With their 1989 album Grip It! On That Other Level (Rap-A-Lot), Houston rap group the Geto Boys carved out a new space within hip-hop culture. Alongside the Miami-based 2 Live Crew, they became one of the first Southern hip-hop groups to gain a national audience. Just as notably, with songs like their first hit “Mind of a Lunatic”, they virtually brought into being the horrorcore genre, a genre that rivalled gangsta rap in the visceral punch of its lyrics and outpaced all competitors with its reliance on grisly imagery and shock tactics.

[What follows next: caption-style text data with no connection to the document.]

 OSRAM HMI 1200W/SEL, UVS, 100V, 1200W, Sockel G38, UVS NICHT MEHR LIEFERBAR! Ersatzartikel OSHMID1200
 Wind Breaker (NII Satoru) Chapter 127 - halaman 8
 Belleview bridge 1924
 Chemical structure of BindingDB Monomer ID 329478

It was this album that captured the attention of Rick Rubin, whose decision to sign the band to his new label Def American led to a break with his distributor Geffen Records, owing to the latter’s refusal to be associated with the controversial group. Rubin released their self-titled album, a reworking of Grip It! with some new songs, new sequencing, and new production.

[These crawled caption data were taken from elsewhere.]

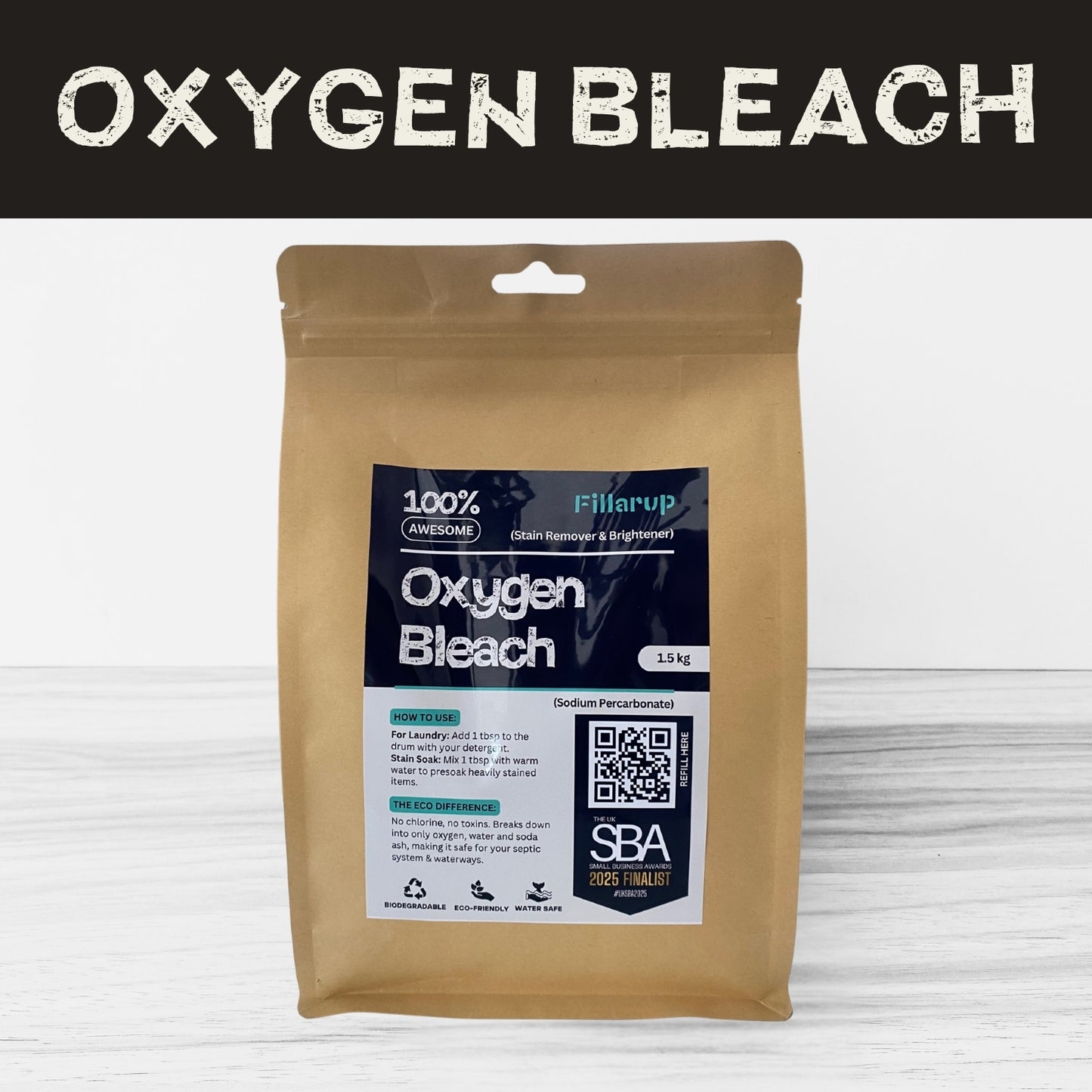 Oxygen Bleach: The Non-Toxic Stain Remover & Brightening Powerhouse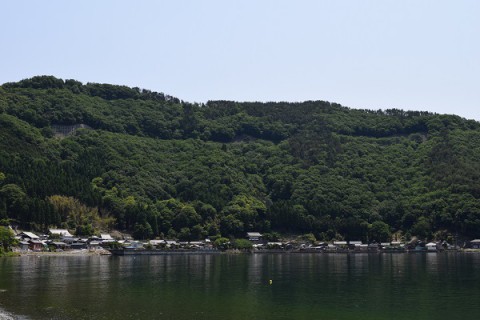 近畿・東海の旅⑬　姉川～小谷城址～木之本(宿)～奥琵琶湖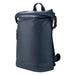 BORSA ZAINO ROLLO PER NOTEBOOK 15,6 E MACBOOK PRO 16 - IN TESSUTO RICICLATO RESINATO TASCA INTERNA E TASCA ESTERNA BLU (BKROL15B)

The controversy attracted more ears. The group seemed to feed on the disdain of parental groups and other gatekeepers of culture. They courted dismissal and used it to fuel the representations of rage that brought them to fame. The three rappers of this classic lineup (not the original lineup and not the last), for a moment (roughly from 1989 to 1992), were a flashpoint in the history of hip-hop, influencing countless future artists and laying the groundwork for material still being explored. Those rappers were, of course, Willie D, Scarface, and Bushwick Bill.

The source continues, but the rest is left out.